**WORK REQUIRED**
Record by record, write out the listing word for word while omitting pictures.

===

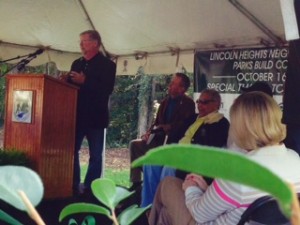 Kevin Cook of Playworld Systems speaking at Lincoln Heights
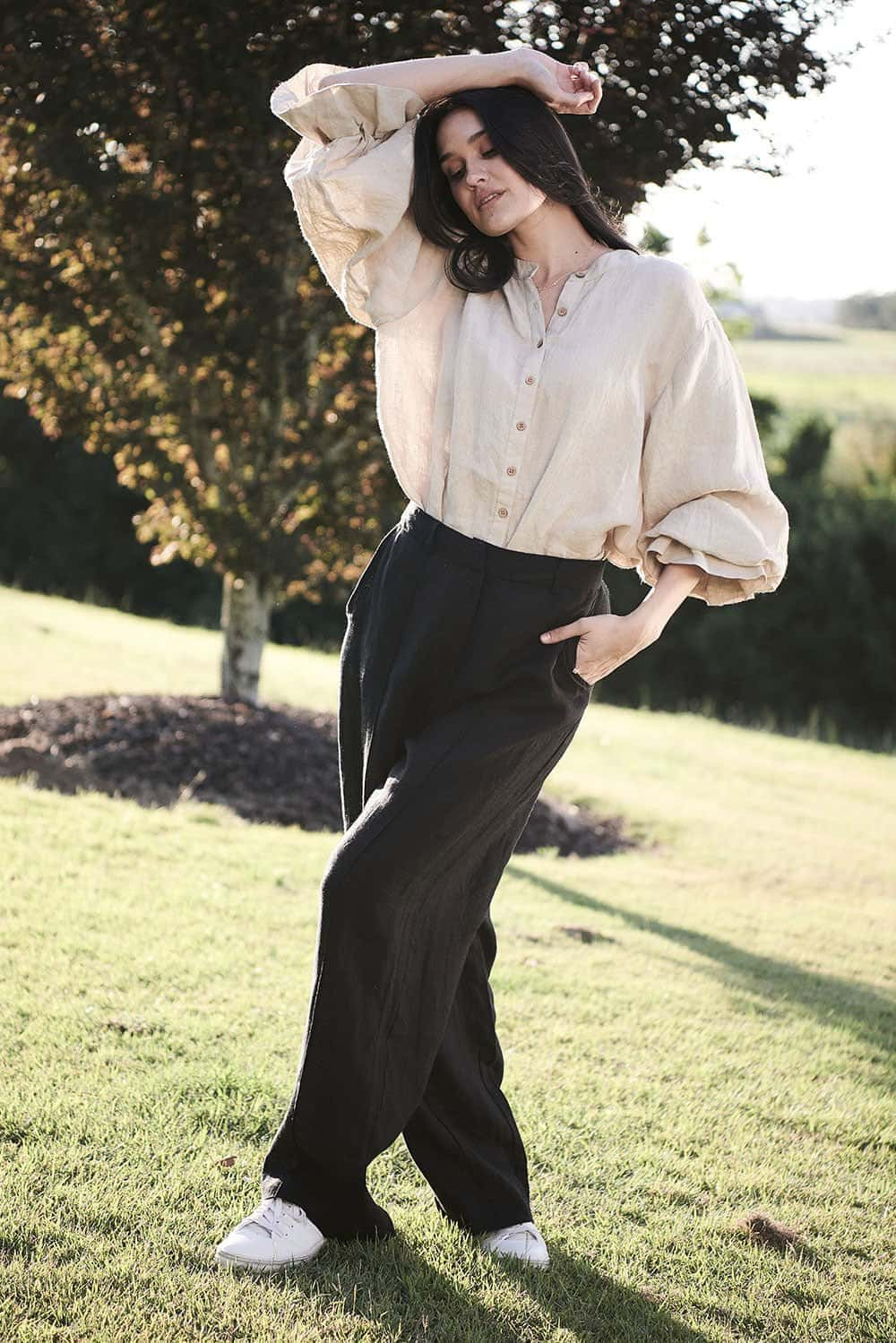 The Allegra Linen Blouse - Natural - Eadie Lifestyle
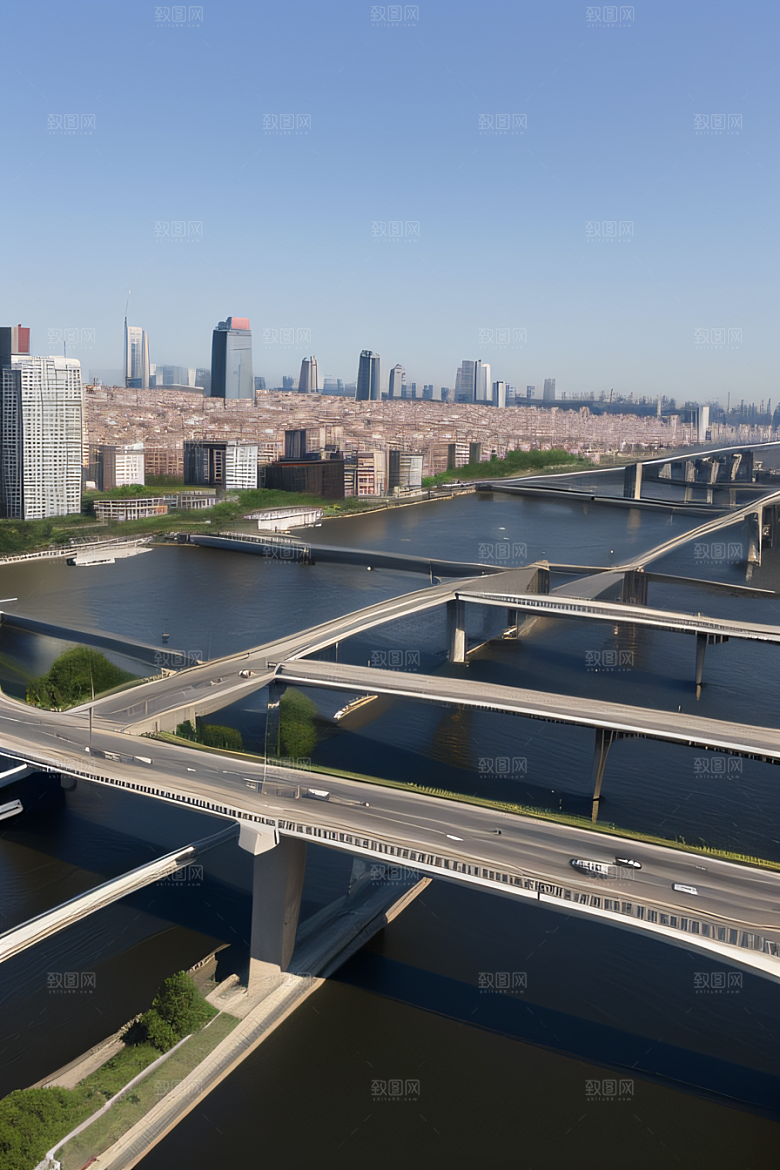 跨越大江的巨型桥梁连接城市要道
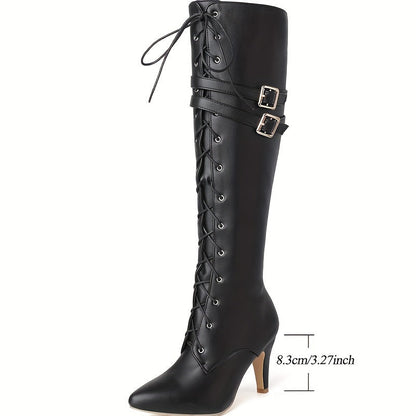 Damen Stiefel Schwarz mit Schnürung & Schnallen Hoher Absatz Spitz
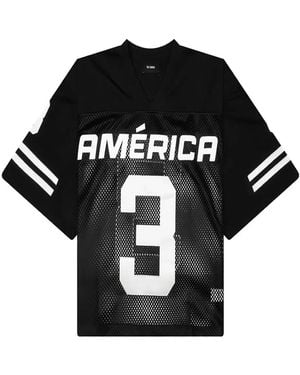 Willy Chavarria Mesh-Panel Football Jersey - Black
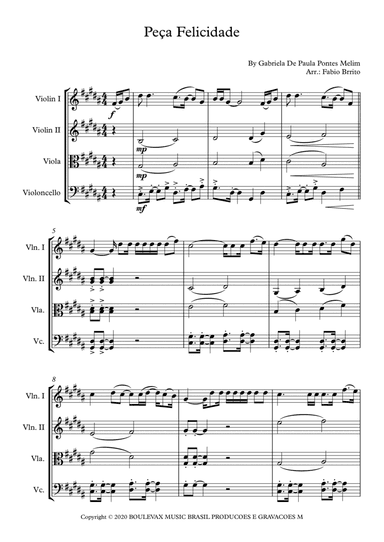 Peca Felicidade (arr. Fabio Britto)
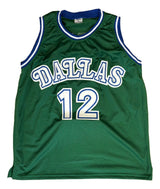 Derek Harper Dallas Signed Green Basketball Jersey #12 Retired Go Mavs BAS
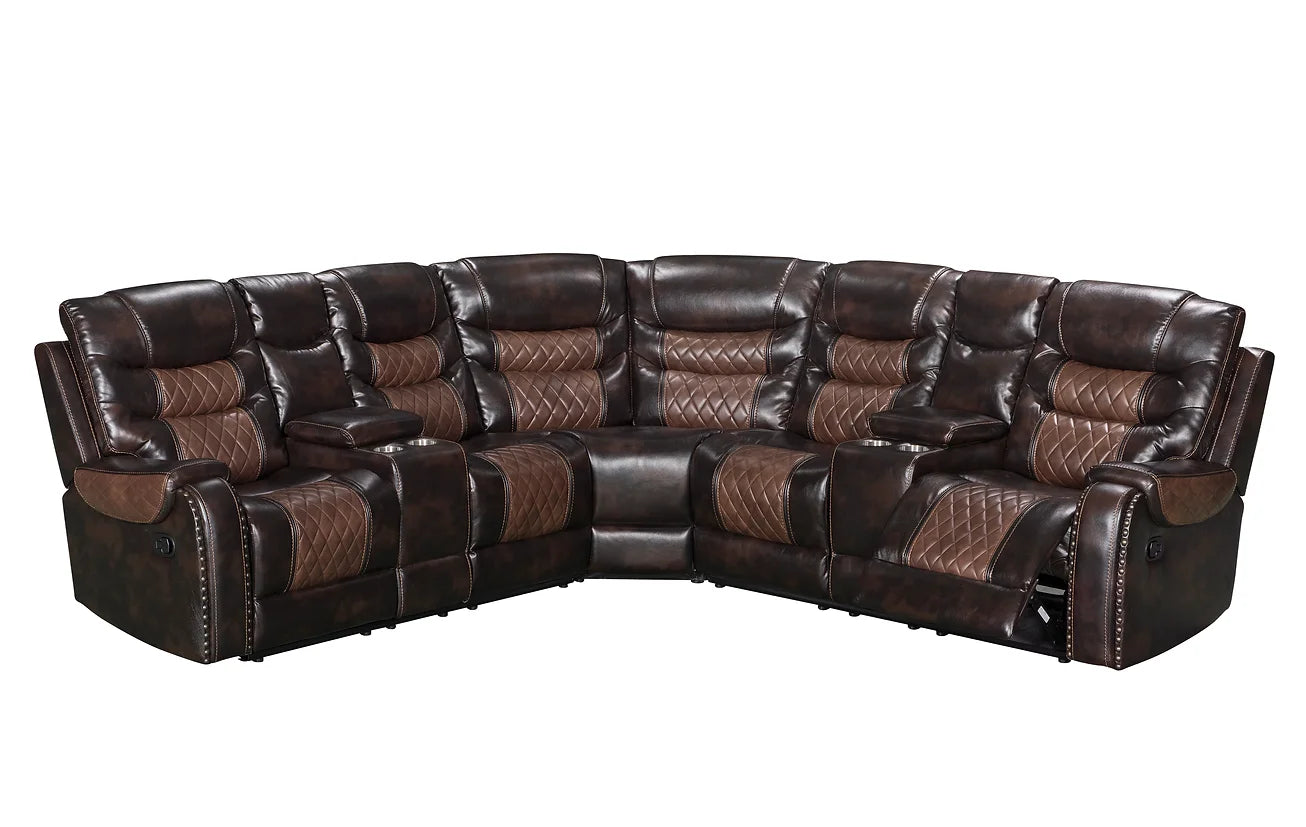 S1988 Phoenix II Brown Reclining Sectional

===

**TASK RESPONSE**
 Kevin Cook of Playworld Systems speaking at Lincoln Heights
 The Allegra Linen Blouse - Natural - Eadie Lifestyle
 跨越大江的巨型桥梁连接城市要道
 Damen Stiefel Schwarz mit Schnürung & Schnallen Hoher Absatz Spitz
 Willy Chavarria Mesh-Panel Football Jersey - Black
 Peca Felicidade (arr. Fabio Britto)
 Derek Harper Dallas Signed Green Basketball Jersey #12 Retired Go Mavs BAS
 S1988 Phoenix II Brown Reclining Sectional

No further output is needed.